Funerary Call, Fragments from the Aethyr, Crucial Blast Records, CD CBR100 (2012)
A celebration is in order for Crucial Blast Records with this album from Vancouver-based act Funerary Call, this being the label’s 100th release. Suitably the figure on the cover of this 6th album for the black ambient act is celebrating a well-earned rest, about to drink heartily of his mead; Cernunnos is the horned one’s name and it’s appropriate that he appear on this album as he was one ancient pre-Christian influence (he was originally a nature god of Celts living in western Europe) on the concept of the Devil in early Christian mythology. While Cernunnos relaxes, Funerary Call man Harlow Macfarlane conjures up a world of mediaeval hellfire from the manipulated sounds of guitar, violin and other instruments, electronics and field recordings. The music rumbles and stutters close to hysteria and insanity, and the atmosphere is cold and often dark.

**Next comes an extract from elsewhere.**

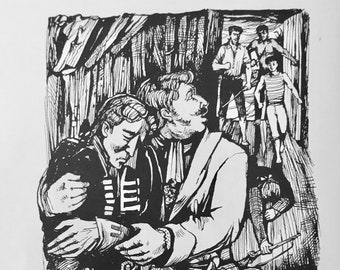 1949 JOHN MINTON La isla del tesoro R.L. Stevenson de 'Image' Robert Harling Sobre pergamino Basingwerk C.9x7 pulgadas. Decoración moderna de mediados de siglo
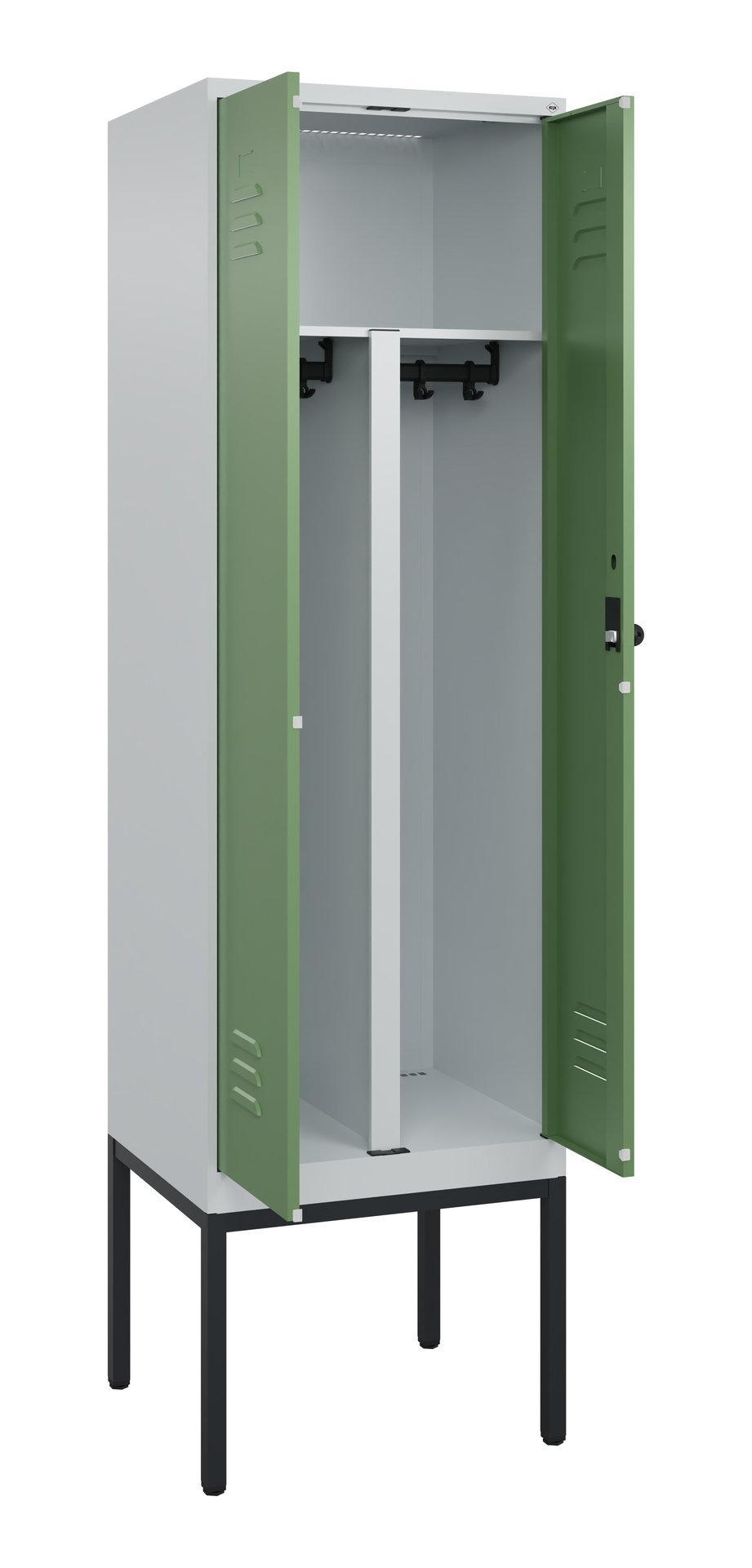 C+P PSA Doppel-Spind Classic PLUS, Gestell, 2 Abteile, 2120x600x500mm, 7035/6011 Produktbild img1 L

There are just three tracks totalling 39 minutes and they probably describe a ritual of some sort. “Libations” and “Fragments” both feature deranged violin virtuoso performances from Lashen Orendorff while other musicians defer to his screechy delivery and provide consistent support for his maddened mewlings. The ambience on “Libations” is cold and alienating while Orendorff scrabbles furiously on his instrument; if it could speak, it would probably turn out traumatised from the abused strings.

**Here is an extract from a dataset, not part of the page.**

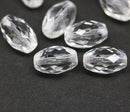 12x8mm Crystal clear barrel czech glass fire polished oval beads, 8Pc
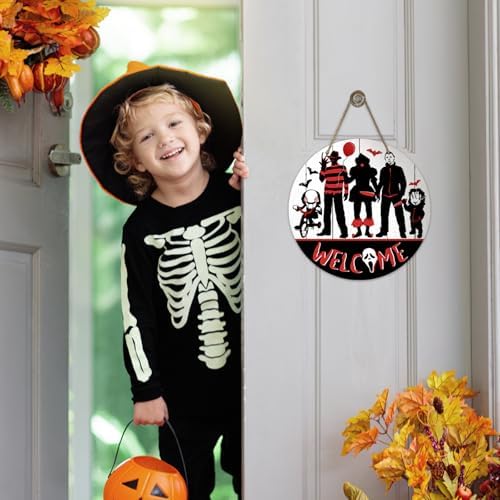 Welcome Halloween Horror Movie Characters Front Door Sign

The middle track “Fragments” is the core around which everything pivots. Macfarlane gets busy laying out electronics effects to create a mystery space void in which dark invisible entities float and lob about, rumbling deeply, groaning and farting, just so you know they’re not to be trifled with. In comes Orendorff’s violin bravely, questing in this indifferent space, appealing for answers to its questions of existence, sometimes being rebuffed, other times finding answers that yield yet more questions and conundrums. The track and its predecessor acquire their distinctive characters from the interplay between solo violin and its accompaniment. We follow Orendorff’s violin-playing respectfully and with some fear: the terrain to be traversed is uninviting and sometimes downright hostile, and we can never afford to relax in case unseen forces come and steal our souls forever. Even the violin acquires a dark and sinister edge as though the longer one spends in this subterranean hell, the more corrupted one’s soul becomes. As the track progresses, guitar echo effects start to take over in the background as the violin merges with other acoustic instruments.
Final piece “Transference from the Void” includes some very sonorous throat-singing from Ross Birdwise whose very name suggests someone who communes with nature and the spirit world as readily as the rest of us tweet or hit Facebook or Skype. Spirit beings squeal or moan in the background. This is a much more vocal piece than the previous two but strangely less creepy: the voices sound off against one another but it seems nothing of great consequence is happening here.
At times this is a suspenseful album of delicacy and beauty with a lot of thought put into the construction and delivery of sound fragments and snippets around the violin melodies and guitar effects. The tracks have a definite mood of cold rarefied black ambience. Even so, by the time we reach the end of the album, I feel we have travelled a lot in circles and covered the same parts over and over. The album is chiefly memorable for Orendorff’s violin soloing and the guitar bits which can be quite affecting.